William Burke: an Edinburgh body snatcher
William Burke and his accomplice William Hare committed between 16 and 30 murders in Edinburgh in 1827 to make money by selling corpses for dissection to Edinburgh’s anatomists. When they were caught and tried, Hare turned King’s Evidence against Burke freeing himself and thereby condemning Burke to public execution.
The death warrant (on the left) held by Edinburgh City Archives details the guilty verdict of the court and the sentence of death to be carried out on the 28 January 1829. In a final ironic twist it indicates that Burke’s dead body is then to be handed over to Dr Alexander Monro, Professor of Anatomy in the University of Edinburgh – one of the very group of surgeons whom Burke had supplied bodies to – for the corpse of the murderer to be publicly dissected!
Edinburgh City Archives preserve a fascinating volume showing numerous people apprehended by the police in Linlithgowshire, which is full of mugshots of Victorian villains as well as details of their known crimes.
People of all ages hailing from places throughout Scotland and beyond can be found in the gallery. Their crimes range from serious assaults to fraud and petty thefts. The Linlithgowshire Rogue’s Gallery was created at a time before policing procedures were consistent and some entries are very detailed and often contain quirky anecdotes and stories.

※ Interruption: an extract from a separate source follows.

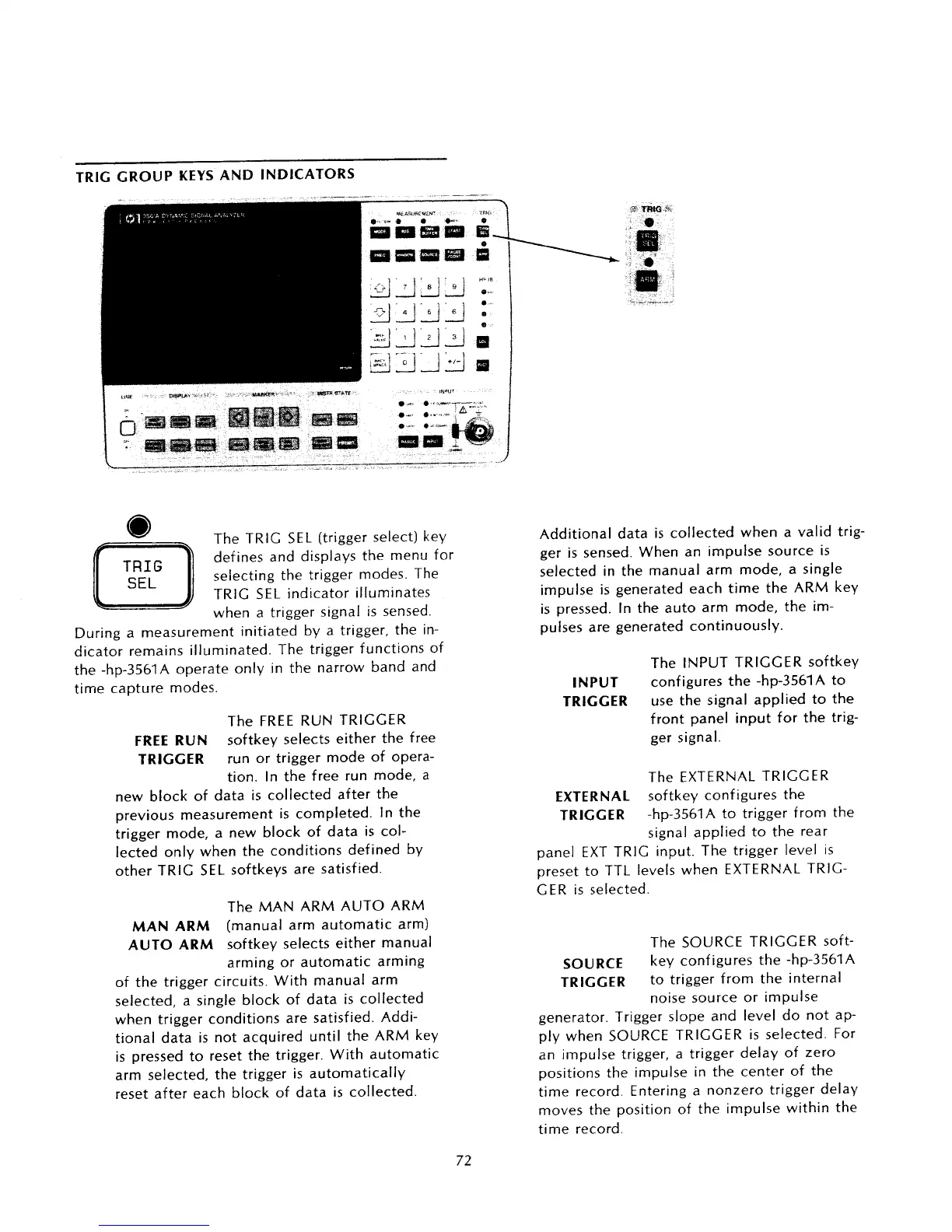 Page #89 background image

From the sample image you can see here, you can clearly see what the individuals looked like, and the style of clothing they wear. We can pick up the story of James Wallace of South Queensferry who was apprehended on a charge of murder. We can see he was tried on 8th March 1874 for aggravated assault, however after examining the witnesses the sheriff withdrew the case from the jury, and he was found not guilty. You can also see two policemen in the image of John Regan, and this again provides a wonderful opportunity to actually see what they looked like and gain a more vivid picture in your mind of the times.
Criminal Conviction Registers
Edinburgh City Archives have a series of general conviction registers covering the period of the late 19th Century and into the early 20th Century. These unique volumes chart the criminal activities of individuals, and so it is possible to build up a reasonable picture of someone’s life and the common criminal activities and punishments which were handed out.
The conviction registers note the name and age of the offender and describe the offence. They also include the date or hearing of each case, the police officers involved and the outcome or sentence. Browsing the registers, it becomes obvious that some people were well known to the local police!
From the image you can see on the left, we can unlock more about the life of Mary McDonald Wilson (and her many other aliases), and build up a very good picture of what life was like for her and the wider contextual social conditions of the time. You can compare crimes and punishments from when Mary was living to those nowadays for example.